En este sentido procede el fascismo de la izquierda socialista y comunista y habría sido imposible sin ellas, pese al trágico fin de un demócrata honesto e incansable como fue Matteotti, o el triste destino de Antonio Gramsci, quizás la mejor cabeza comunista de todos los tiempos.
Lo peor del fascismo fue, además de su violencia, racismo, imperialismo e iliberalismo fatales, el reciclado de los mitos y lenguaje revolucionario, que permitía la convergencia de la vieja izquierda y el nuevo fascismo, según revelara la atracción mutua entre Hitler y Stalin, por lo demás implacables enemigos (estudiada por Allan Bullock), y las dudas del joven Mao Zedong entre elegir fascismo o comunismo, en el fondo tan parecidos. Tanto que un personaje de la gran novela El Templo, del inglés Stephen Spender, que trata sobre la Alemania prenazi, confunde a Hitler con un comunista tras oírle mitinear en su aldea.
Mussolini consiguió un híbrido exitoso que impresionó en todas partes, con adaptaciones vernáculas que fueron del Estado Novo portugués de Salazar al nazismo hitleriano, pasando por el falangismo español. El secreto estaba en hibridar con habilidad el pensamiento reaccionario iliberal con el no tan alejado de la izquierda revolucionaria, ambos populistas y antisistema, y los favoritos de la reciente sociedad de masas, como pronto advirtió con alarma Ortega y Gasset.
Gracias al atractivo combinado de orden autoritario e innovación radical recibió el apoyo de algunas de las mejores cabezas de Italia: el economista Luigi Pareto, el filósofo Giovanni Gentile y el escritor Giovanni Papini, aparte de los poetas y artistas futuristas. Mussolini coleccionaba esos apoyos como otras tantas condecoraciones a su persona, pero optaba por apoyar no las ideas complicadas o extravagantes, sino variedades nacionalistas y conformistas de “cultura popular italiana”. Su primer y feroz anticlericalismo retórico también dio paso a la entente con la Santa Sede mediante el famoso concordato de los Pactos de Letrán, lo que le valió las bendiciones eclesiales pese a su nada edificante vida amorosa.

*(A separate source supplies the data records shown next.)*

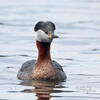 Red-necked Grebe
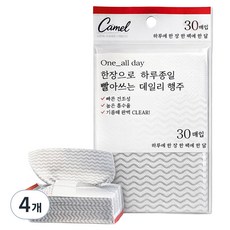 CAMEL One All Day 一天一張可水洗抹布 紙巾型, 4個, 30入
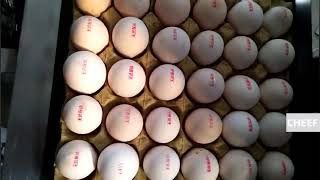 Do you know that the TIJ printer can print eggs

El éxito político tiene otro origen, el decisionismo, ideal metafísico de la época que justificaba el golpe de Estado como atajo oportuno al poder, y sobre todo el desprecio ilimitado de las reglas e instituciones más la absoluta falta de escrúpulos en los medios empleados, fuera para deshacerse de la oposición o para conquistar Abisinia. Podría resumirse como socialismo nacional con populismo autocrático, razón de que Hitler eligiera la etiqueta nacional-socialista para su letal variante del movimiento.
La historia muestra que el fascismo brota con facilidad, de modo natural, de la vieja izquierda socialista, frustrada por los obstáculos que la democracia y el pluralismo oponen a sus pretensiones de poder absoluto. Puede reconocerse esta evolución en la Rusia de Putin, heredero del KGB comunista, en los movimientos woke intelectuales de Estados Unidos y Europa, preñados de feroz antisemitismo e islamofascismo, o en la estrategia política de Pedro Sánchez, que cada día da más motivos para ser incluido entre los neofascistas genuinos. Todos ellos comparten rasgos y tics que nos devuelven al tenebroso momento europeo entre 1920 y 1939, con los que cada vez hay más inquietantes paralelismos pese a las enormes diferencias entre nuestro mundo y el de entonces. Esperemos que nos salven de precipitarnos hacia el mismo abismo.